### What to do:
Please work out how many lines in the entries below include the string "фото", and reply with the number alone.

┌─ Entries supplied

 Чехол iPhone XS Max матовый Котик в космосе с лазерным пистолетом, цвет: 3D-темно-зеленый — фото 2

└─
┌─ Entries supplied

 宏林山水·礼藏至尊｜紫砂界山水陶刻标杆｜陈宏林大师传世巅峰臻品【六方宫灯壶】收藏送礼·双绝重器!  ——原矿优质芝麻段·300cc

└─
┌─ Entries supplied

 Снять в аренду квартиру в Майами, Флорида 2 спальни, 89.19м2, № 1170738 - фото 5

└─

### Completed exercise:
2